Burundi : Une situation explosive

En Juin dernier, alors que la Commission d’enquête internationale ad-hoc des Nations Unies pour le Burundi rendait un bilan accablant de la situation des droits de l’Homme dans le pays, la Fédération Internationale des Droits de l’Homme (FIDH)publiait  quant à elle ,le 4 juillet dernier, un rapport inquiétant, établissant le bilan de la crise des Droits de l’Homme depuis le début du conflit politique en avril 2015.Quelques mois après la publication d’un premier rapport situationnel, la Fédération internationale basée à Genève décrit l’instauration d’un véritable régime dictatorial dans son nouveau rapport : Le Burundi au bord du gouffre, retour sur deux années de terreur[1].

Contexte général

Le rapport publié par la FIDH offre une mise en perspective impressionnante du conflit de basse-intensité qui sévit depuis deux ans au Burundi. L’origine de la crise politique est liée à la volonté du président sortant de briguer un troisième mandat présidentiel, violant par la même occasion un accord politique qui le lui interdit.[2]

Le président, au pouvoir depuis fin 2005, est aux commandes d’une répression sanglante et systématique contre l’opposition, à travers la mobilisation des forces de sécurité nationales. En riposte, un mouvement populaire de résistance s’est formé, s’attaquant aux individus considérés comme affiliés au parti au pouvoir, le Conseil National Pour la Défense de la Démocratie–Forces pour la Défense de la Démocratie, CNDD–FDD. Considéré comme parti unique par une partie l’opposition, ce parti cultive le culte de la personnalité, la propagande et l’incitation à la haine contre les membres de l’opposition, ou tout individu refusant de prendre part aux activités de propagande organisée par le pouvoir.

Des violations des droits de l’homme ayant poussant les organismes à l’exil

La situation des défenseurs des droits de l’homme est préoccupante à l’heure actuelle. Il est quasiment impossible pour toute organisation de défenses de droits de l’homme d’opérer sur le territoire burundais depuis la fin de l’année 2016[3]. La plupart des ONGs burundaises ayant collaboré à la préparation du rapport publié par le FIDH sont aujourd’hui en situation d’exil. Entre-temps le bureau du Haut-commissariat aux droits de l’Homme des Nations-Unies s’était déjà vu contraint par le gouvernement de quitter le territoire en octobre de la même année,presque concomitamment au retrait de Bujumbura de la Cour Pénale Internationale.

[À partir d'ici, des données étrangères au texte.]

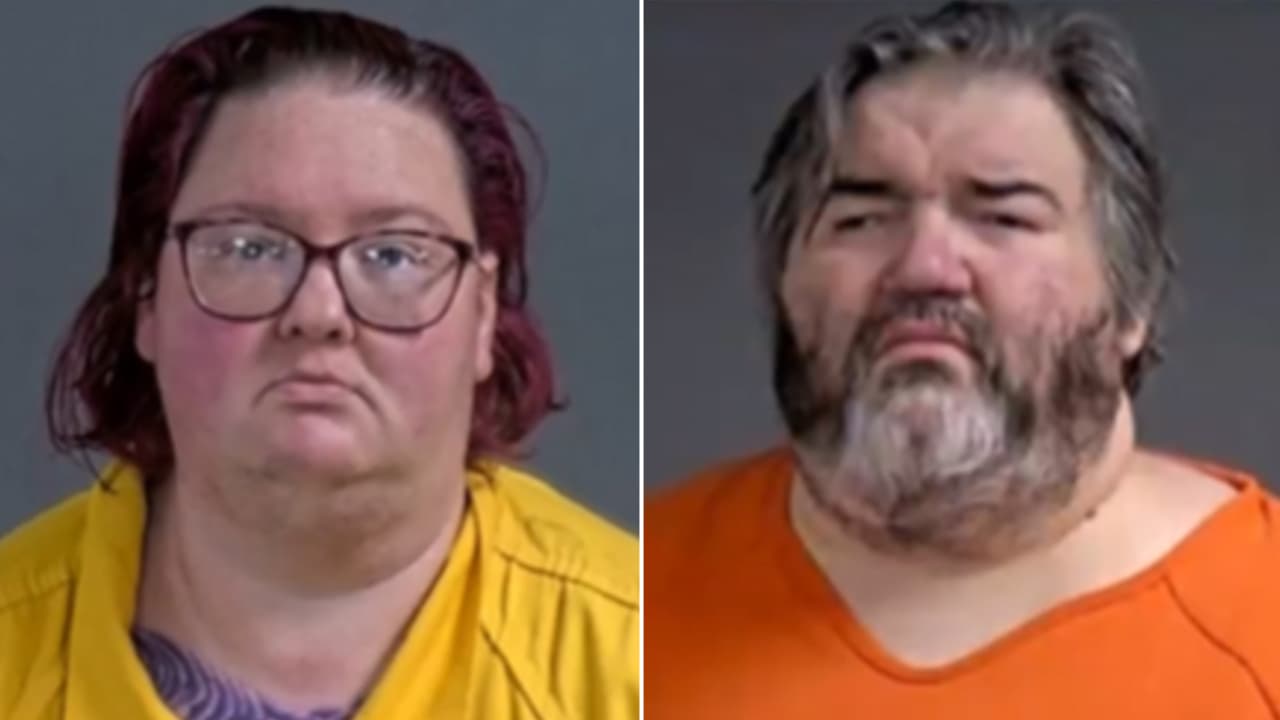 Michigan Parents Charged in Death of 7-Year-Old
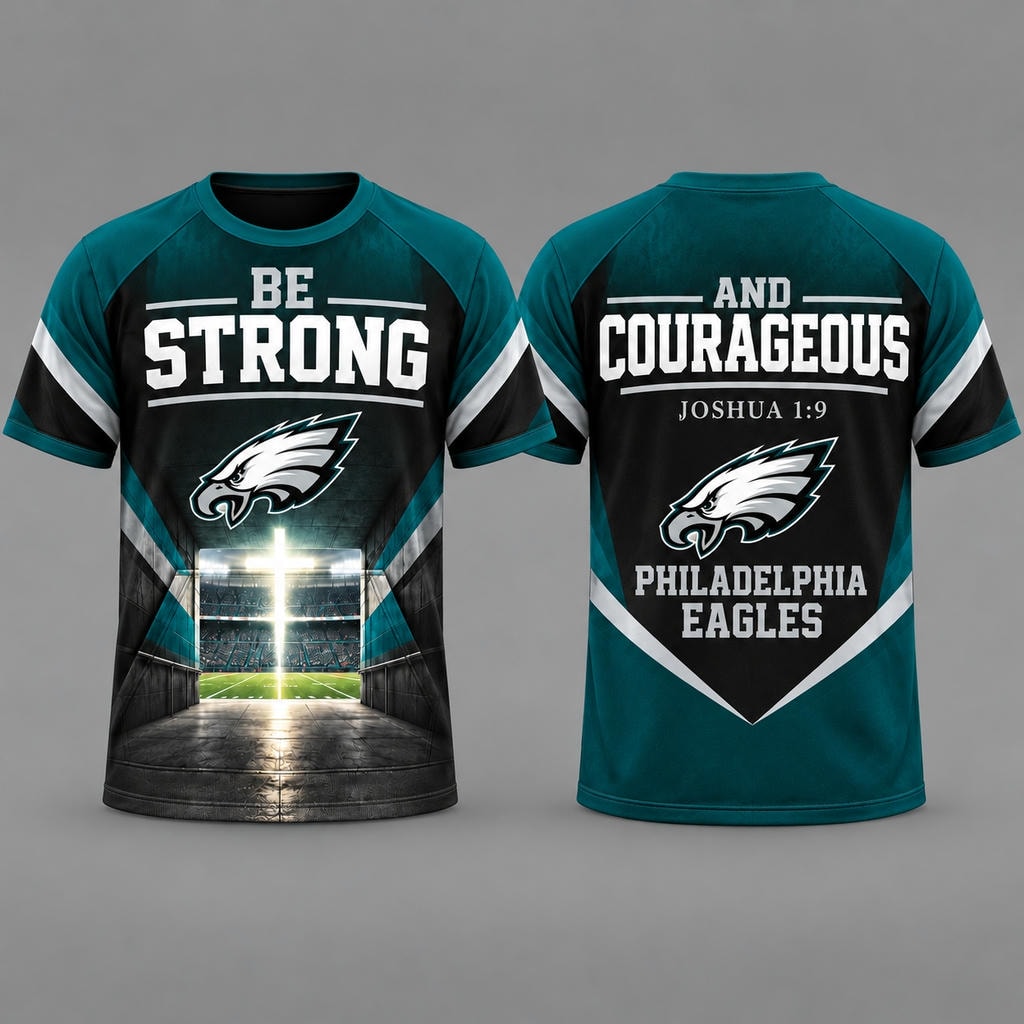 Philadelphia Eagles 3FSD5J2650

Ce départ contraint de la CPI trouve ses germes dans la mise en place par le conseil de sécurité des Nations-Unies d’une commission d’enquête internationale sur le Burundi. Le Gouvernement, avait en effet eu l’occasion de sentir le vent tourné suite à d’innombrables dénonciations provenant de la Communauté Internationale. Quelques mois auparavant, le gouvernement a été informé de l’ouverture d’une enquête qui sera conduite par une commission internationale d’enquête crée par la commission des droits de l’homme de l’ONU suite aux nombreuses dénonciations des organisations de société civile locales[4]. En 2015, alors que les Nations-Unies venaient de se voir confier la responsabilité de conduire une mission spéciale d’observation électorale dans le pays, le gouvernement de  Pierre Nkurunziza avait déjà montré des signes de tensions[5]. Une année plus tard, plusieurs décisions restrictives adoptées par l’Assemblée nationale viennent mettre à mal l’action des ONGs locales et étrangères. Diverses lois suspendant ou radiant les activités de ces organisations ont été adoptées, en parallèle à la conduite de campagnes de diffamations, menaces et agressions[6]. Les organes de presse, quant à eux, continuent de subir des contrôles abusifs de la part des autorités[7].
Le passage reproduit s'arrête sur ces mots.